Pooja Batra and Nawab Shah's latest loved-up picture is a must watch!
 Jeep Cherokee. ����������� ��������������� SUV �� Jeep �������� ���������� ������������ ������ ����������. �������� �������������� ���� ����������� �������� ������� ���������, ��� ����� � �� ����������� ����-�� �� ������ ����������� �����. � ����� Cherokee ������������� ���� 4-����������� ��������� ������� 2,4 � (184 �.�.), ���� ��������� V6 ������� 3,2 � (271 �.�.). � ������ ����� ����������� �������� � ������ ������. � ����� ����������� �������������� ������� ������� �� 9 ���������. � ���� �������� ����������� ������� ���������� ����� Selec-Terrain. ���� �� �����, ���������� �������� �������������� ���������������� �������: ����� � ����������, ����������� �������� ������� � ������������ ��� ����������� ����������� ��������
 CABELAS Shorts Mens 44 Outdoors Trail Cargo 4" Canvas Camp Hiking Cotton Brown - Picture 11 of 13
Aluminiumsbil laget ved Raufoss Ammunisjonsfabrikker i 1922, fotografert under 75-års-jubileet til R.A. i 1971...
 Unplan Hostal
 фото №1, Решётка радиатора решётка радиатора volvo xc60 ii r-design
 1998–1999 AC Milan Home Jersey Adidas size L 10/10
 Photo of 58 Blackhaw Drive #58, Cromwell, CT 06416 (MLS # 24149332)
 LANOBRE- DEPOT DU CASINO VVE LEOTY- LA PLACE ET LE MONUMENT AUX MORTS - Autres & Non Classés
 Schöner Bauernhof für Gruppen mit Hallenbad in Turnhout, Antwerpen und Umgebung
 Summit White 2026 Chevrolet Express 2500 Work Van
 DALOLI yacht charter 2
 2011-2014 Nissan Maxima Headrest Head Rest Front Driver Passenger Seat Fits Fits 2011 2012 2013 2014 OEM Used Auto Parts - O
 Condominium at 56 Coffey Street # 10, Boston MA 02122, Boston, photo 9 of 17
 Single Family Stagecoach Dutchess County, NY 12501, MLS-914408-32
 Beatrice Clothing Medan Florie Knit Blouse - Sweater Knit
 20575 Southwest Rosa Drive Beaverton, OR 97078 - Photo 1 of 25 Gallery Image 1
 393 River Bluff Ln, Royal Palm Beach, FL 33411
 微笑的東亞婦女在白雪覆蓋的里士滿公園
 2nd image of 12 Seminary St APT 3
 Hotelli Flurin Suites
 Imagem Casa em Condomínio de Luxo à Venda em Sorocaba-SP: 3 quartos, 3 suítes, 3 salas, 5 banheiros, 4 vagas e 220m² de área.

__TASK DESCRIPTION__: What is wanted is every line from the first line of the entries through the line that contains "CABELAS Shorts Mens", given again exactly.

__FINISHED EXERCISE__:
Pooja Batra and Nawab Shah's latest loved-up picture is a must watch!
 Jeep Cherokee. ����������� ��������������� SUV �� Jeep �������� ���������� ������������ ������ ����������. �������� �������������� ���� ����������� �������� ������� ���������, ��� ����� � �� ����������� ����-�� �� ������ ����������� �����. � ����� Cherokee ������������� ���� 4-����������� ��������� ������� 2,4 � (184 �.�.), ���� ��������� V6 ������� 3,2 � (271 �.�.). � ������ ����� ����������� �������� � ������ ������. � ����� ����������� �������������� ������� ������� �� 9 ���������. � ���� �������� ����������� ������� ���������� ����� Selec-Terrain. ���� �� �����, ���������� �������� �������������� ���������������� �������: ����� � ����������, ����������� �������� ������� � ������������ ��� ����������� ����������� ��������
 CABELAS Shorts Mens 44 Outdoors Trail Cargo 4" Canvas Camp Hiking Cotton Brown - Picture 11 of 13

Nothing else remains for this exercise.